## Work to be completed
Only the lines holding "avec" are wanted; find them in the listing and return each one.

◇ ◇ ◇ ◇ ◇ ◇ ◇

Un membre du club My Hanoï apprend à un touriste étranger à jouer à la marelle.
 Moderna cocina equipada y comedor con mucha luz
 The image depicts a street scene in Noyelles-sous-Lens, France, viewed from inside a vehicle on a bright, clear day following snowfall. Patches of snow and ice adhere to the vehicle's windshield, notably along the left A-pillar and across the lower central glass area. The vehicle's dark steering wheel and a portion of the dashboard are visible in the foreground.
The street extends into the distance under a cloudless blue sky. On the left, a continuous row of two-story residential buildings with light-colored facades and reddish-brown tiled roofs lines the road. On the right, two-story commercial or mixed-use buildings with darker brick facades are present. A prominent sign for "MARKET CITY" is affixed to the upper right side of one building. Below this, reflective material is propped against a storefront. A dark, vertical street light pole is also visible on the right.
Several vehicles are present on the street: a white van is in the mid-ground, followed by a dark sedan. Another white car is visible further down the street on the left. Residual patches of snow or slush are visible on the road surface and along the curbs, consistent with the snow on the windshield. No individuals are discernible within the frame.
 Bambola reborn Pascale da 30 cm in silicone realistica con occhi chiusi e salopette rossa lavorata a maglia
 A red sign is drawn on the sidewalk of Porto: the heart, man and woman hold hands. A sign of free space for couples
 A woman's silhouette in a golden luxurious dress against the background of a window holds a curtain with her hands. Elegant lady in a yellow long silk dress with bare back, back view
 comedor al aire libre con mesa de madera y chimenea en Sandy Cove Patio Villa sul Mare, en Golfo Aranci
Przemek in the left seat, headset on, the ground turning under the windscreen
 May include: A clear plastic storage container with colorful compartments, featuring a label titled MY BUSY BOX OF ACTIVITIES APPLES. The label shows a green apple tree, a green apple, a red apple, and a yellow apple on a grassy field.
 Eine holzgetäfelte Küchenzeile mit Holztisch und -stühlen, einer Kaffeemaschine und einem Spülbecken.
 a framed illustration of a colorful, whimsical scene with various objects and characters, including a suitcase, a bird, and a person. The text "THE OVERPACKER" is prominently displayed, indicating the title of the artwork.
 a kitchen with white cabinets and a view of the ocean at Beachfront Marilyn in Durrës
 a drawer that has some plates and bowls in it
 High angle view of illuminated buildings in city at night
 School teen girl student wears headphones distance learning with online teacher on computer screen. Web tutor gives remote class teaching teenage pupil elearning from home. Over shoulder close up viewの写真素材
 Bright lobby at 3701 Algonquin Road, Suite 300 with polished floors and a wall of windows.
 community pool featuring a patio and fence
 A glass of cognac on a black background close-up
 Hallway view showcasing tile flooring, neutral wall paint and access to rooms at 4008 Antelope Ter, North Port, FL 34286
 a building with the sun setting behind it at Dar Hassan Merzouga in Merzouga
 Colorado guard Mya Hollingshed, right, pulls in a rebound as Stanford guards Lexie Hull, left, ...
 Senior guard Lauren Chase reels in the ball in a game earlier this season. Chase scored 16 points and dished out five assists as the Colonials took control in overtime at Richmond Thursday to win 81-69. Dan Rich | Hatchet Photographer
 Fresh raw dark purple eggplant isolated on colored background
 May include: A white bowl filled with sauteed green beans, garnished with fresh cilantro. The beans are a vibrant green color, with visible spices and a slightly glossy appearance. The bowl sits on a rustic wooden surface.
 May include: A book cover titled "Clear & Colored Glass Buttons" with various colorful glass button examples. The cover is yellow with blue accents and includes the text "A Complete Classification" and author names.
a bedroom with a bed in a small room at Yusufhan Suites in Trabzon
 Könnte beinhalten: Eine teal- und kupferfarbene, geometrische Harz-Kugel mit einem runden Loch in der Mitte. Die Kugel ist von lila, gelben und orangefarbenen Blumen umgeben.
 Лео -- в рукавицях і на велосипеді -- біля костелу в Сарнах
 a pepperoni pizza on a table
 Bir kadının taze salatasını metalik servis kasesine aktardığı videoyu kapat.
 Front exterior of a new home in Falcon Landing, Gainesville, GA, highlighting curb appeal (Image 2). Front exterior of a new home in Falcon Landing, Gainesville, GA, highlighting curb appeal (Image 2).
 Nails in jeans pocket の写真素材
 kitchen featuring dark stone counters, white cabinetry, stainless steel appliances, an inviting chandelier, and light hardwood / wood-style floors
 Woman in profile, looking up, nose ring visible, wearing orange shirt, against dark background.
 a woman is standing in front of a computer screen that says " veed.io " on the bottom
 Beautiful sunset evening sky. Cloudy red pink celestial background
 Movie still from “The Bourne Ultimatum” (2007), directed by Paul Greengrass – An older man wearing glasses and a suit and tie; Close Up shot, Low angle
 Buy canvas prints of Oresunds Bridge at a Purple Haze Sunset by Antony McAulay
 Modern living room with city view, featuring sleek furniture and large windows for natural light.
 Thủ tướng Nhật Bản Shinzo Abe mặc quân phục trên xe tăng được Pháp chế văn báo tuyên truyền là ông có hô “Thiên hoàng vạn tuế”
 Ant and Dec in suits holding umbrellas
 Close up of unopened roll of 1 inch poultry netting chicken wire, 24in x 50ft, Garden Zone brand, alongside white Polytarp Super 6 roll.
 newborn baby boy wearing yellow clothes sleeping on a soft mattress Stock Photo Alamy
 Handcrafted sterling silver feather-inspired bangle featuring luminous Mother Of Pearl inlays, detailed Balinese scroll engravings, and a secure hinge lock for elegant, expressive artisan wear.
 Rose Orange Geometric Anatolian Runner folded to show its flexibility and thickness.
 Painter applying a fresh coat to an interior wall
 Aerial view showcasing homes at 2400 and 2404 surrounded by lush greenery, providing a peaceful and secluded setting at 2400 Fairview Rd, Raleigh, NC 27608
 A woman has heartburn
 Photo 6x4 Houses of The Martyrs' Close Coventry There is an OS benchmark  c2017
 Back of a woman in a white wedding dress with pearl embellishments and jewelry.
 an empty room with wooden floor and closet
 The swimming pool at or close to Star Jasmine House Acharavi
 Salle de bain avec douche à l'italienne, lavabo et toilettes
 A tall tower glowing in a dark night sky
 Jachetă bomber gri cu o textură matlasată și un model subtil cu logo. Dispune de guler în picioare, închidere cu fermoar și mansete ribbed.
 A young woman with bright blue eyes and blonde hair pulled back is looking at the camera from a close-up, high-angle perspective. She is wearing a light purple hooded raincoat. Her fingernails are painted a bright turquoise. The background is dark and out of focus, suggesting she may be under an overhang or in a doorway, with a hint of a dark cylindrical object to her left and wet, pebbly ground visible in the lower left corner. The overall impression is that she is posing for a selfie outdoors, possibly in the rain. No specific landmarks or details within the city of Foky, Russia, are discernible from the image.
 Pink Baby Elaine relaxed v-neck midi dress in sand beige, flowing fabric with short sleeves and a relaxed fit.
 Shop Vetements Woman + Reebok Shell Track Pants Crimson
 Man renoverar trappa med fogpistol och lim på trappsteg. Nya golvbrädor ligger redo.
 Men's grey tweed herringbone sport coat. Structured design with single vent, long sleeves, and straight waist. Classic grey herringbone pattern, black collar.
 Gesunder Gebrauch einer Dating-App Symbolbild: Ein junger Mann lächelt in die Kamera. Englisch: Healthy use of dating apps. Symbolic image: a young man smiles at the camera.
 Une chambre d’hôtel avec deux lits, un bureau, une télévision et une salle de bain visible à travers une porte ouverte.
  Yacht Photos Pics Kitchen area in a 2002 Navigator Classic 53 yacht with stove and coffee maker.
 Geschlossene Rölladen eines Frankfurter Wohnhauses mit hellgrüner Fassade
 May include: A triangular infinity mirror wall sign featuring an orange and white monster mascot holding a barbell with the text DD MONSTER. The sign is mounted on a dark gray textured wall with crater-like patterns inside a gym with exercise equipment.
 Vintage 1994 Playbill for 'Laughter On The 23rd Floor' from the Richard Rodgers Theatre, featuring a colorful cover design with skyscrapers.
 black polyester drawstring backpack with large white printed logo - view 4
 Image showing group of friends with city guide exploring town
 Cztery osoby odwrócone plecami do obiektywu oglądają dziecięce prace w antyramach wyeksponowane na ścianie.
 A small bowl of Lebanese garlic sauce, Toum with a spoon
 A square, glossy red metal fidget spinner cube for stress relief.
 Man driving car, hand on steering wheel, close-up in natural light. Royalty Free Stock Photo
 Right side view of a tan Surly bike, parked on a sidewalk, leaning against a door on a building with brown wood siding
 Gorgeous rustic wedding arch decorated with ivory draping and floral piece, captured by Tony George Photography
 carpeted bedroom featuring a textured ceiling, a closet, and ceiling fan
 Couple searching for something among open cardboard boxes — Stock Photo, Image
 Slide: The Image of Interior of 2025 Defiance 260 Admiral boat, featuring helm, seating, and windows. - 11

◇ ◇ ◇ ◇ ◇ ◇ ◇

## Response
 Salle de bain avec douche à l'italienne, lavabo et toilettes
 Une chambre d’hôtel avec deux lits, un bureau, une télévision et une salle de bain visible à travers une porte ouverte.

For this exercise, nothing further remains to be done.